--- Provided records ---

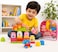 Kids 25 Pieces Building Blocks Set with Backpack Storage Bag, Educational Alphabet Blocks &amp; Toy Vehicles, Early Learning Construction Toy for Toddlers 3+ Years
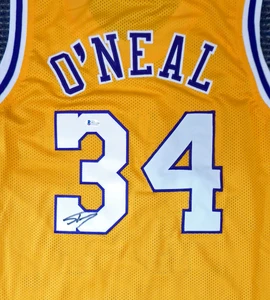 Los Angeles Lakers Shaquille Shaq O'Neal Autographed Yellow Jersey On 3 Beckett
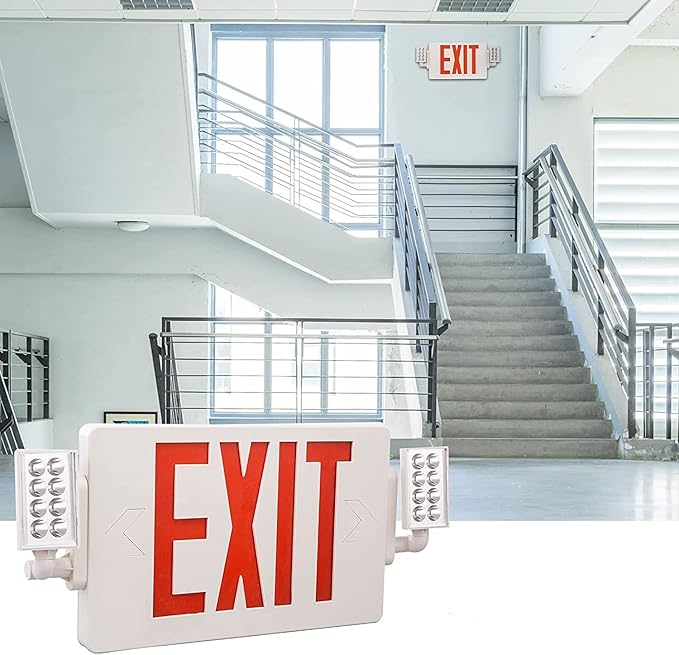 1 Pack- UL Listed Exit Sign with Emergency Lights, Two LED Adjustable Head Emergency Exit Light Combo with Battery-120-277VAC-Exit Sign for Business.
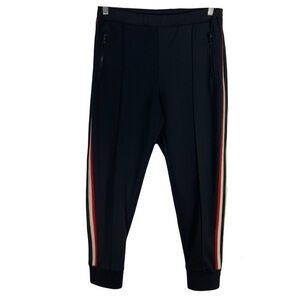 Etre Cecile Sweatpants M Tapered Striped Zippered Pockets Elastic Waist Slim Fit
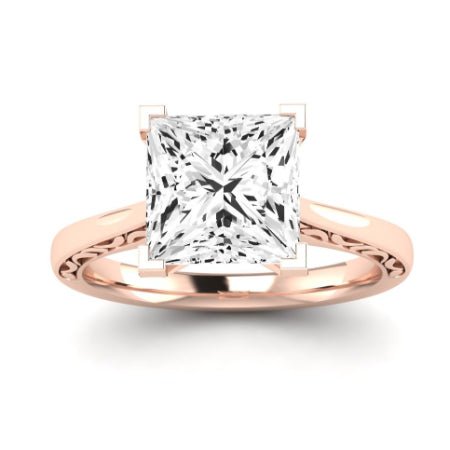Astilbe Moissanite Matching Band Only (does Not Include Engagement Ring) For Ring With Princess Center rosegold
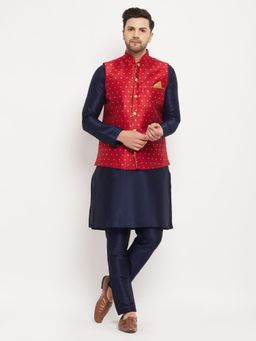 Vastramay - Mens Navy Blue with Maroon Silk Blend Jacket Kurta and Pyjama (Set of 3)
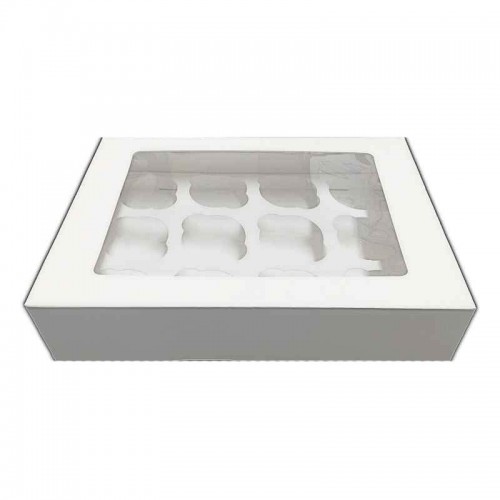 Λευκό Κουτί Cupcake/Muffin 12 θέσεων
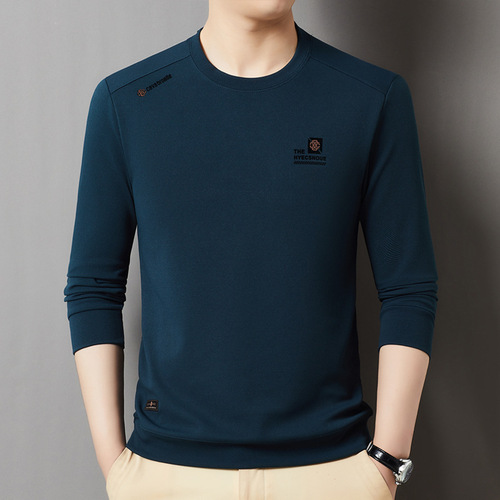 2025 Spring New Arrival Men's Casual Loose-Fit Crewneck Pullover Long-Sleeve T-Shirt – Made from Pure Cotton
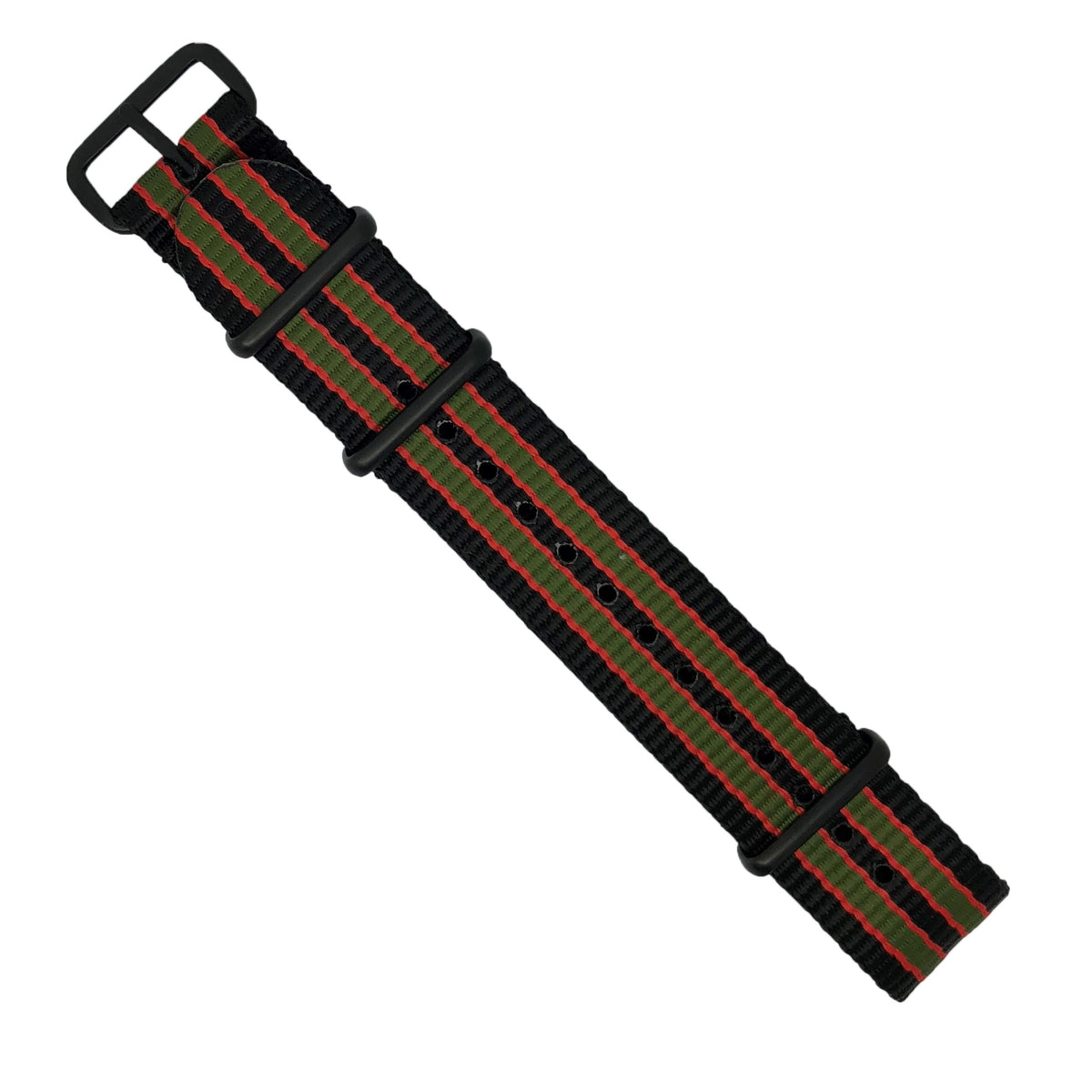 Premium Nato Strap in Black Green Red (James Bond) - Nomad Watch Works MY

---

• **Task item**:
Reproduce the entries above exactly, without images.

• **Worked solution**:
 Kids 25 Pieces Building Blocks Set with Backpack Storage Bag, Educational Alphabet Blocks &amp; Toy Vehicles, Early Learning Construction Toy for Toddlers 3+ Years
 Los Angeles Lakers Shaquille Shaq O'Neal Autographed Yellow Jersey On 3 Beckett
 1 Pack- UL Listed Exit Sign with Emergency Lights, Two LED Adjustable Head Emergency Exit Light Combo with Battery-120-277VAC-Exit Sign for Business.
 Etre Cecile Sweatpants M Tapered Striped Zippered Pockets Elastic Waist Slim Fit
Astilbe Moissanite Matching Band Only (does Not Include Engagement Ring) For Ring With Princess Center rosegold
 Vastramay - Mens Navy Blue with Maroon Silk Blend Jacket Kurta and Pyjama (Set of 3)
 Λευκό Κουτί Cupcake/Muffin 12 θέσεων
 2025 Spring New Arrival Men's Casual Loose-Fit Crewneck Pullover Long-Sleeve T-Shirt – Made from Pure Cotton
 Premium Nato Strap in Black Green Red (James Bond) - Nomad Watch Works MY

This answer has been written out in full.